Characterizing the Role of MicroRNAs in the Modulation of Host Responses to Viral Infection

Abstract

microRNAs (miRNAs) are a class of noncoding RNAs that regulate gene expression. This class of 18-25 nucleotide-long non-coding RNAs has been found to play critical roles in the modulation of a wide spectrum of cellular processes including immunity, development, and metabolism. They modulate their interactions by binding to the 3’ untranslated region of the target messenger RNA to mediate the repression of gene expression. Given their emerging critical roles in the regulation of biological processes, it is not surprising that miRNAs play a significant part in modulating host-virus interactions. Viruses are obligate parasites that hijack the host cellular machinery and processes to promote their life cycle and their propagation. Emerging evidence suggests that miRNAs add an extra regulatory layer to fine-tune viral pathogenesis. This offers novel opportunities not only to delineate the crosstalk between the host and the virus but also allows for the development of novel therapeutics and the identification of novel potential biomarkers of viral infection. Herein, we examine the roles of various miRNAs in the modulation of host-virus interactions.

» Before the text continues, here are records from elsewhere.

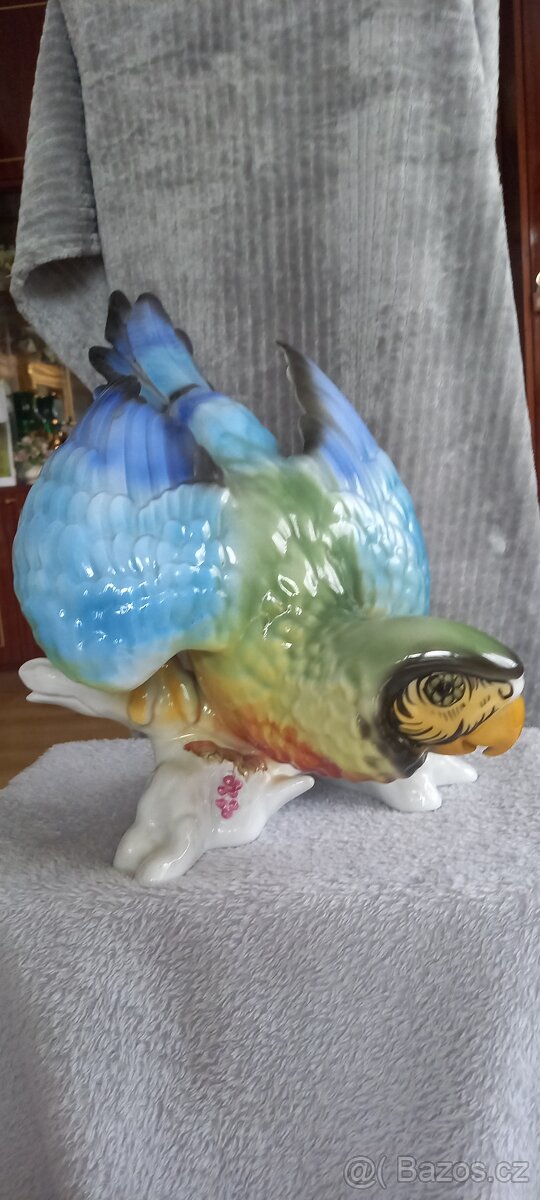 Stará soška papouška - 6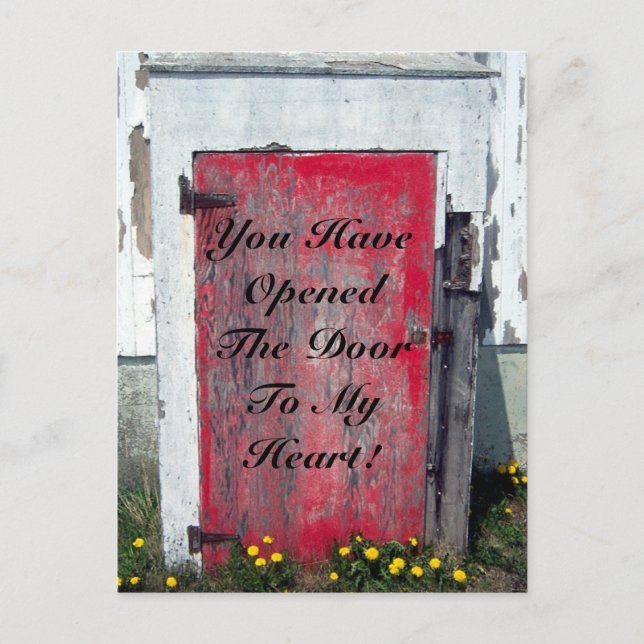 Postal Abre La Puerta A Mi Corazón (Anverso)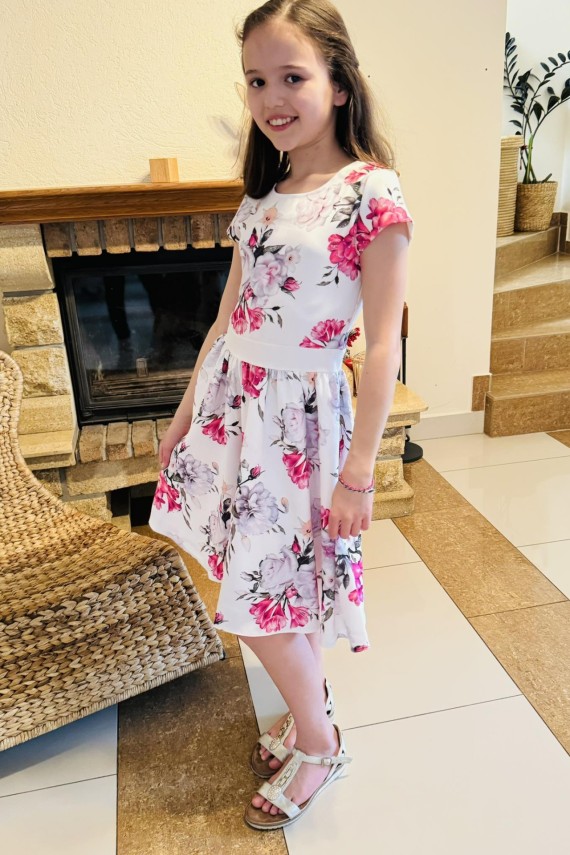 Killy design virágos alkalmi ruha 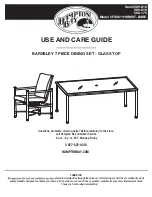 HAMPTON BAY BARNSLEY FSS61119RMST-BARE Use And Care Manual preview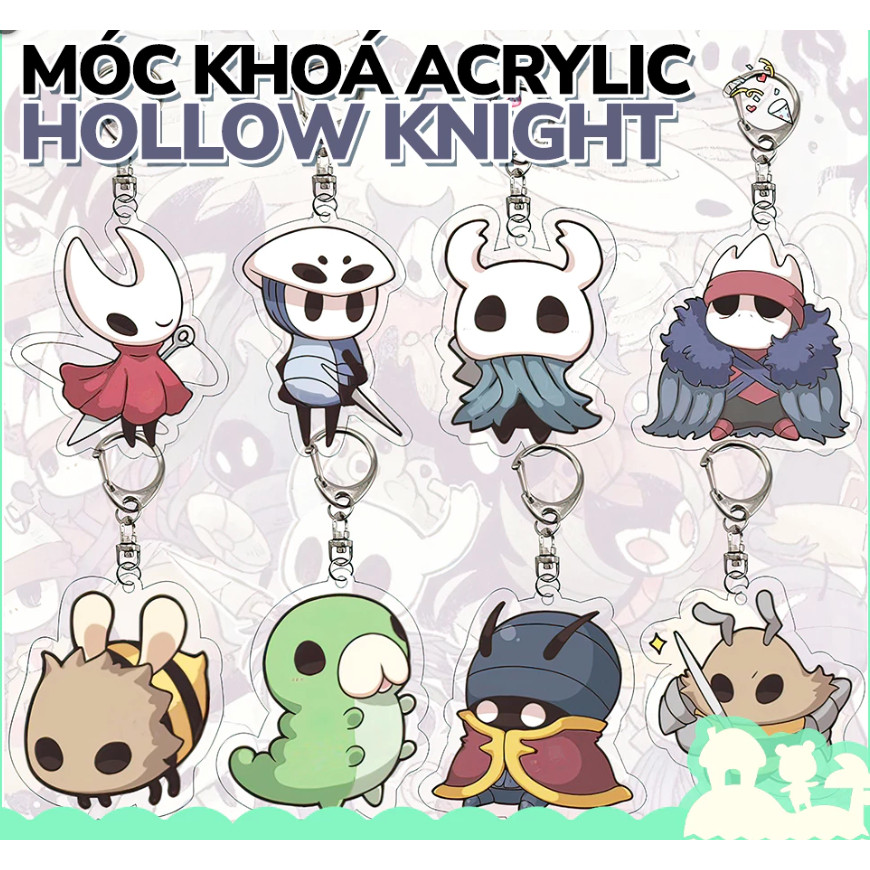Key Game Hollow Knight - โปร่งใส Mica Hollow Knight เกมพวงกุญแจการ์ตูน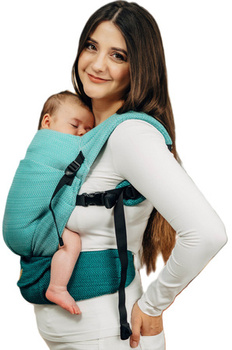 LennyLamb baby carrier - LennyLight - Little Herringbone Ombre Green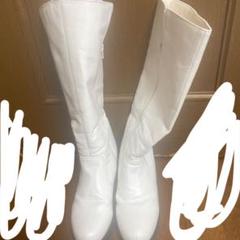 ロングブーツ 白 コスプレ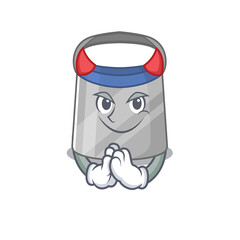 Obraz premium Face shield clothed as devil cartoon character design concept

In this thesis, we identify a polycistronic miRNA cluster (miR-183, miR-96, and miR-182) to possess antiviral properties against RNA viruses by augmenting innate immune responses to viral infection. We as well identify miR-383 to possess novel antiviral potential against Dengue virus (DENV), through its targeting of PLA2G4A, a pro-viral host factor essential for the production of infectious particles. Finally, we examine miR-185’s role in the modulation of SARS-CoV-2 infection where we show that miR-185’s regulation of fatty acid and cholesterol metabolism suppresses the virus’s entry and propagation in lung and liver cells. Collectively, the findings in this thesis demonstrate the critical role that miRNAs play in the modulation of host-virus interaction through modifying the host’s cellular environment essential for the regulation of viral pathogenesis.